:: Activity ::
An exact copy of the lines of the listing below between the "Congratulations! You have" line and the "The first thing" line, both included, is the whole answer; please omit the pictures.

:: Provided entries ::
▬▬▬▬▬▬▬▬▬▬
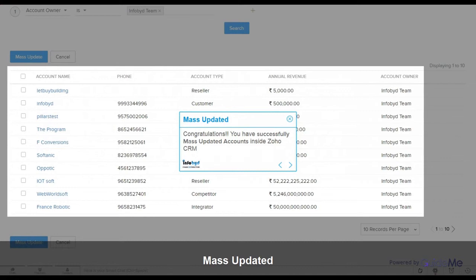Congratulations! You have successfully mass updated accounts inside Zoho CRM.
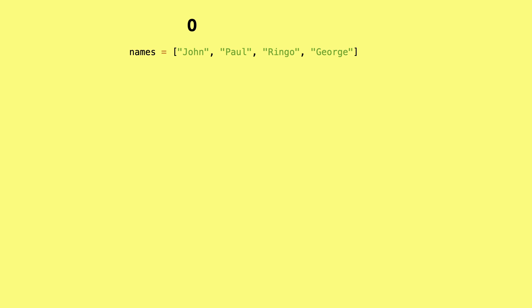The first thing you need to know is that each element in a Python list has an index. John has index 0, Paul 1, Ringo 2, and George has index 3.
▬▬▬▬▬▬▬▬▬▬
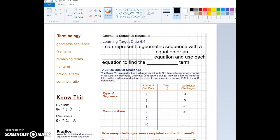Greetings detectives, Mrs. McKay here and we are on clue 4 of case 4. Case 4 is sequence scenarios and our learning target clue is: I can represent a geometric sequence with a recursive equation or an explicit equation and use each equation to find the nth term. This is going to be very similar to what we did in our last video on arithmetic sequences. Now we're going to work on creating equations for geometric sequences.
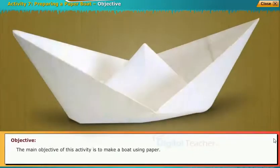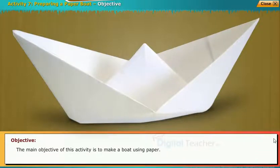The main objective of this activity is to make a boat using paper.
▬▬▬▬▬▬▬▬▬▬
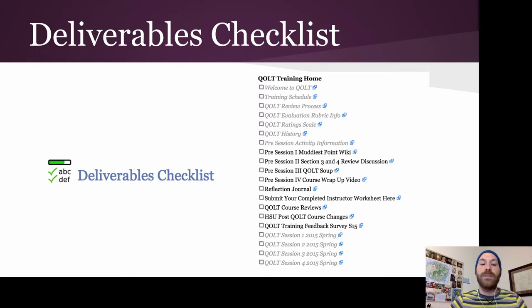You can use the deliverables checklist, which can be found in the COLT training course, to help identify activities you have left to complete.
▬▬▬▬▬▬▬▬▬▬
:: Answer to the exercise ::
Congratulations! You have successfully mass updated accounts inside Zoho CRM.
The first thing you need to know is that each element in a Python list has an index. John has index 0, Paul 1, Ringo 2, and George has index 3.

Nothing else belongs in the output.